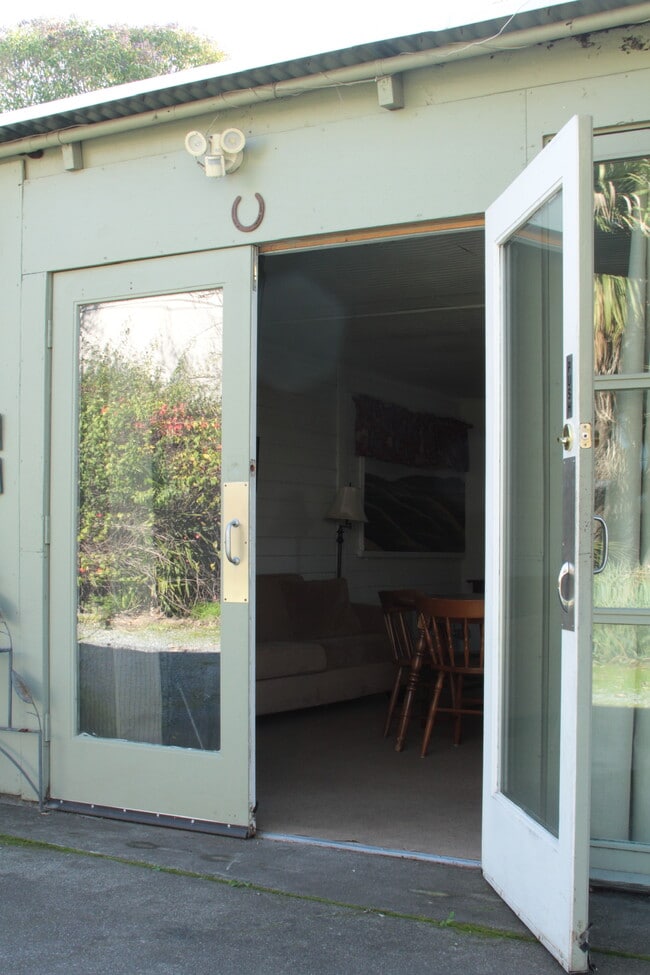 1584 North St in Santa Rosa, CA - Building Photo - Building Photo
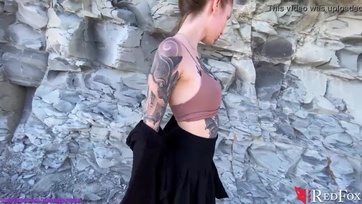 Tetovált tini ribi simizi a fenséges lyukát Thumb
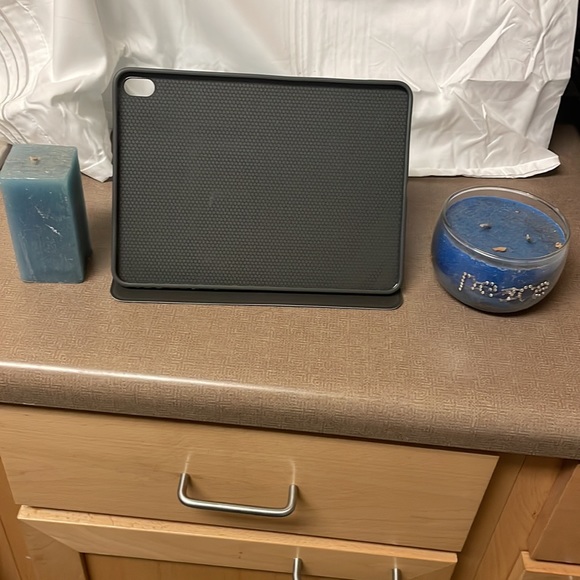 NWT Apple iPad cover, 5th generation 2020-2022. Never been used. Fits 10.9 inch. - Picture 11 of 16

• • • • •

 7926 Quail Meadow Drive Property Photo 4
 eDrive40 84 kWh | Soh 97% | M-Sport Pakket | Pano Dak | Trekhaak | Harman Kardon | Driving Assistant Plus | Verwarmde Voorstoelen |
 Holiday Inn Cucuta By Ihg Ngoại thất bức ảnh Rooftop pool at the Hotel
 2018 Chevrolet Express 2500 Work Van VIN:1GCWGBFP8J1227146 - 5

• • • • •

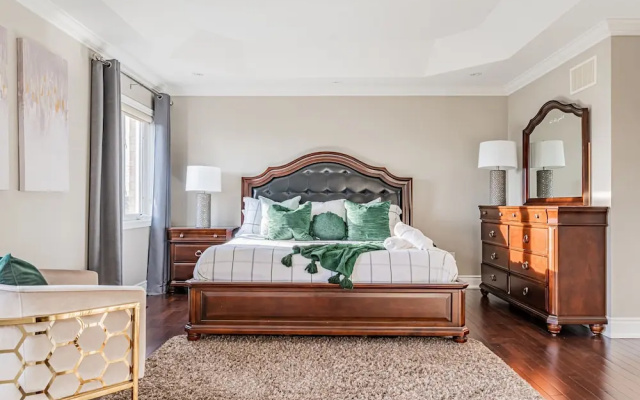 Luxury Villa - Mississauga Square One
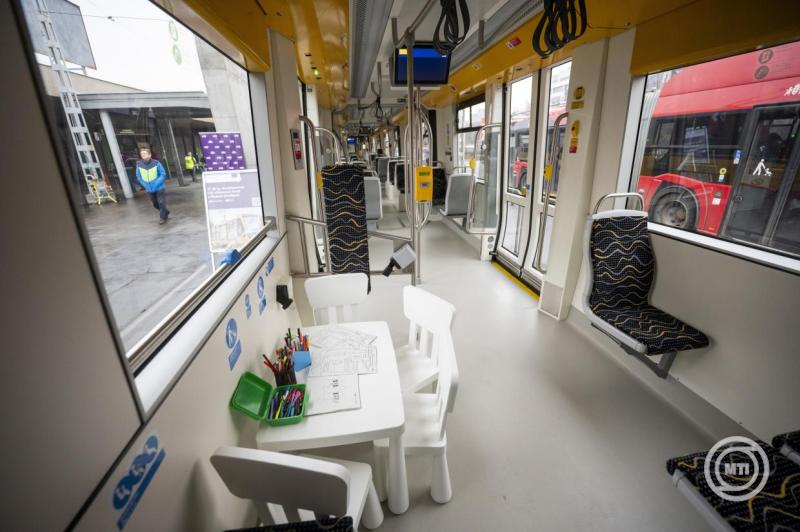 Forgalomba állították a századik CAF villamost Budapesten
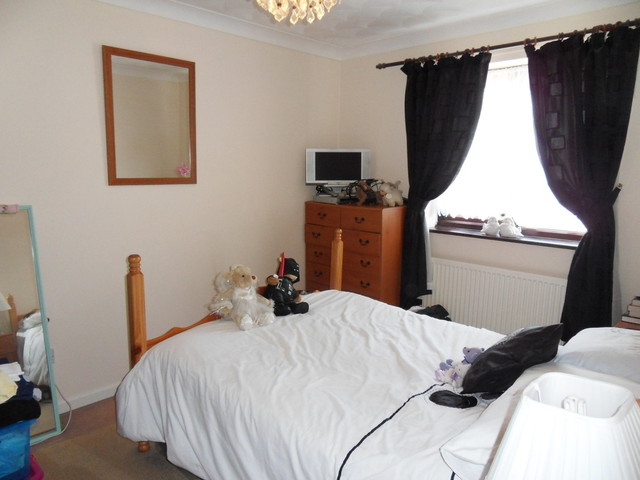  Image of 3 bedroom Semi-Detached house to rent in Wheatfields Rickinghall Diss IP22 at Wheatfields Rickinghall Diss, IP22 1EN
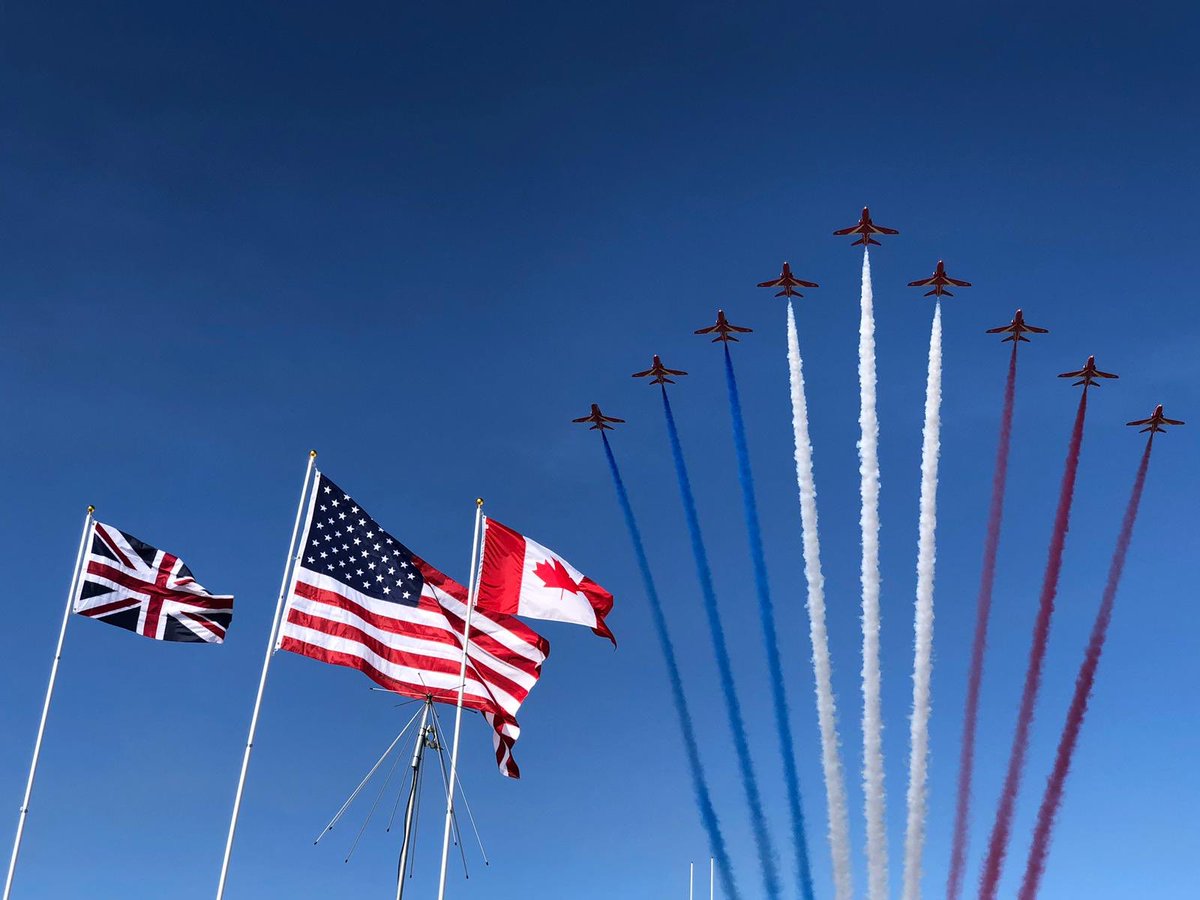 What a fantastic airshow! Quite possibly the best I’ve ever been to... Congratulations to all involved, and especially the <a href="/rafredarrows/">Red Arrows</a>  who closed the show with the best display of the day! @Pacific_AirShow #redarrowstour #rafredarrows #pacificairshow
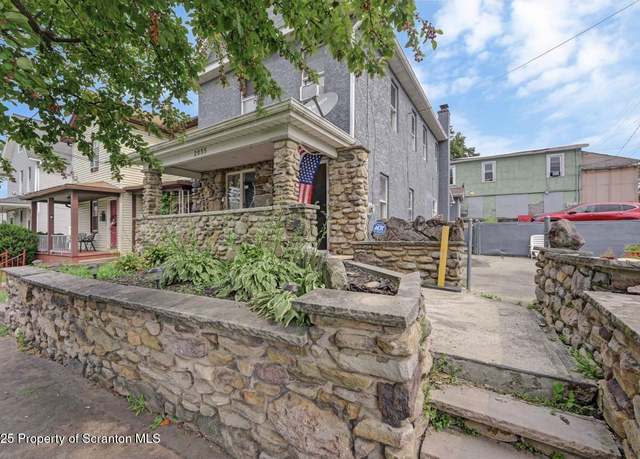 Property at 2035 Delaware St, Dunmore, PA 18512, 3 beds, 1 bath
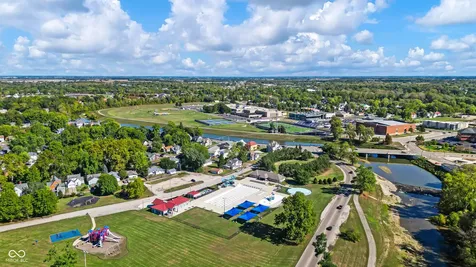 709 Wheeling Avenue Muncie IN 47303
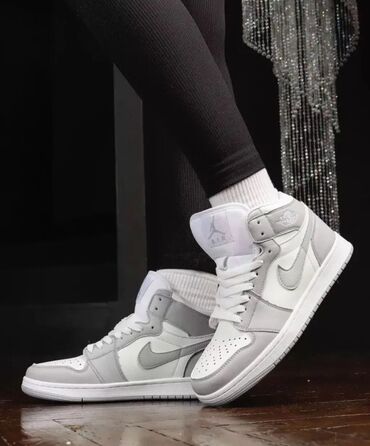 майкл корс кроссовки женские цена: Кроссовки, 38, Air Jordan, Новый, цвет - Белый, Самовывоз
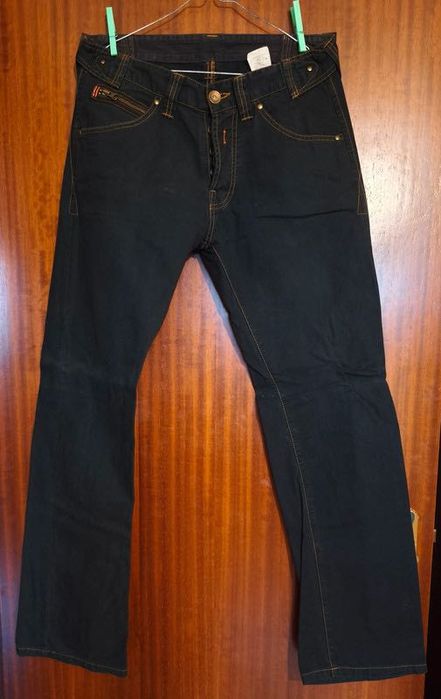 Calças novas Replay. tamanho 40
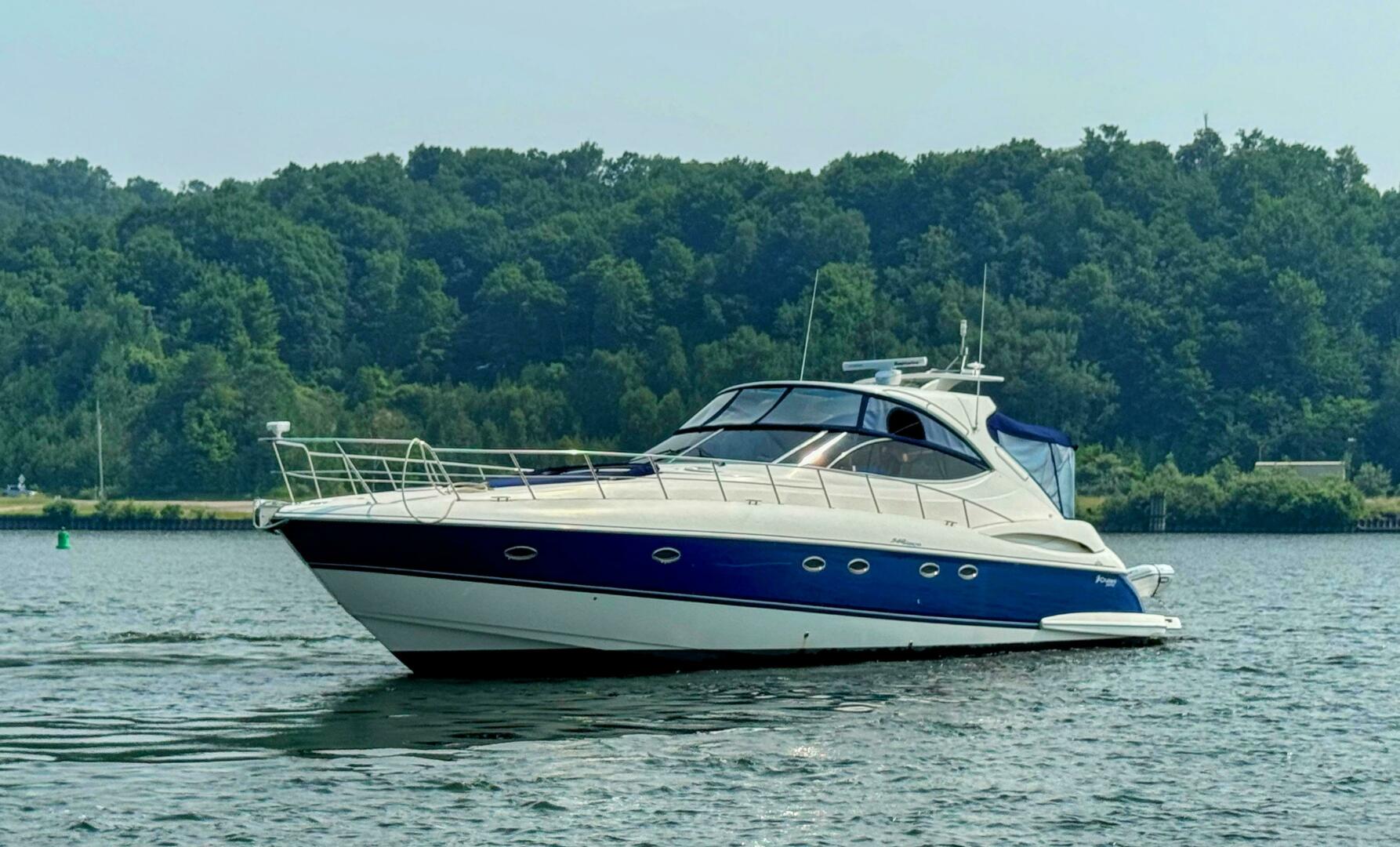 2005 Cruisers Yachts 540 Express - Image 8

• • • • •

EXERCISE INSTRUCTIONS
In the listing above, transcribe exactly everything from the line containing "7926 Quail Meadow Drive Property Photo 4" down to the line containing "2018 Chevrolet Express", including both and nothing more.

EXERCISE RESULT
 7926 Quail Meadow Drive Property Photo 4
 eDrive40 84 kWh | Soh 97% | M-Sport Pakket | Pano Dak | Trekhaak | Harman Kardon | Driving Assistant Plus | Verwarmde Voorstoelen |
 Holiday Inn Cucuta By Ihg Ngoại thất bức ảnh Rooftop pool at the Hotel
 2018 Chevrolet Express 2500 Work Van VIN:1GCWGBFP8J1227146 - 5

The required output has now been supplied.